■ Dataset entries ■
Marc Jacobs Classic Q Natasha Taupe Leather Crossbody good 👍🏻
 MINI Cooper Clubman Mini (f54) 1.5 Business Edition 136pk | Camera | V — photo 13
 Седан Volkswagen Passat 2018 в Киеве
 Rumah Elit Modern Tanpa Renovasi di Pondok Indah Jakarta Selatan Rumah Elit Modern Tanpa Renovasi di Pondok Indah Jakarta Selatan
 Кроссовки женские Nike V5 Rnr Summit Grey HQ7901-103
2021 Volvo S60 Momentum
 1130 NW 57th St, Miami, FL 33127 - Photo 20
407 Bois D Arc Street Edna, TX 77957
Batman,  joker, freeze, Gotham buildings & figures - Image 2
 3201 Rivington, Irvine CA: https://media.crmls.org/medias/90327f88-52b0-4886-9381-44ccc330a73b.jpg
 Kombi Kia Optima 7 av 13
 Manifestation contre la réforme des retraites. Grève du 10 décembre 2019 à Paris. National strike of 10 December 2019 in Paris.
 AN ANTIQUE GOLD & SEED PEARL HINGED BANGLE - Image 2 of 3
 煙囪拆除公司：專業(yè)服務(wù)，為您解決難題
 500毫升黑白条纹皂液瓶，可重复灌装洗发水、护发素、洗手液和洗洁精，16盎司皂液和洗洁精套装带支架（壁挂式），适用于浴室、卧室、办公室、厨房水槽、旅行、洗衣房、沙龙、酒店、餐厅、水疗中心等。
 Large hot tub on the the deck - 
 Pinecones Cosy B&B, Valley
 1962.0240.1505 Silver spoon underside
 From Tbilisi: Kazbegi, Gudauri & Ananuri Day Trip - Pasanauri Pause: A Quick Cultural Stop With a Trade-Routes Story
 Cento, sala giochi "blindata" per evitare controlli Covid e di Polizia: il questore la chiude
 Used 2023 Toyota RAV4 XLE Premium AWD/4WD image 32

■ Assigned task ■
Lines from the top of the entries through the line with "1962.0240.1505 Silver spoon underside" are to be transcribed exactly, and nothing more.

■ Task solution ■
Marc Jacobs Classic Q Natasha Taupe Leather Crossbody good 👍🏻
 MINI Cooper Clubman Mini (f54) 1.5 Business Edition 136pk | Camera | V — photo 13
 Седан Volkswagen Passat 2018 в Киеве
 Rumah Elit Modern Tanpa Renovasi di Pondok Indah Jakarta Selatan Rumah Elit Modern Tanpa Renovasi di Pondok Indah Jakarta Selatan
 Кроссовки женские Nike V5 Rnr Summit Grey HQ7901-103
2021 Volvo S60 Momentum
 1130 NW 57th St, Miami, FL 33127 - Photo 20
407 Bois D Arc Street Edna, TX 77957
Batman,  joker, freeze, Gotham buildings & figures - Image 2
 3201 Rivington, Irvine CA: https://media.crmls.org/medias/90327f88-52b0-4886-9381-44ccc330a73b.jpg
 Kombi Kia Optima 7 av 13
 Manifestation contre la réforme des retraites. Grève du 10 décembre 2019 à Paris. National strike of 10 December 2019 in Paris.
 AN ANTIQUE GOLD & SEED PEARL HINGED BANGLE - Image 2 of 3
 煙囪拆除公司：專業(yè)服務(wù)，為您解決難題
 500毫升黑白条纹皂液瓶，可重复灌装洗发水、护发素、洗手液和洗洁精，16盎司皂液和洗洁精套装带支架（壁挂式），适用于浴室、卧室、办公室、厨房水槽、旅行、洗衣房、沙龙、酒店、餐厅、水疗中心等。
 Large hot tub on the the deck - 
 Pinecones Cosy B&B, Valley
 1962.0240.1505 Silver spoon underside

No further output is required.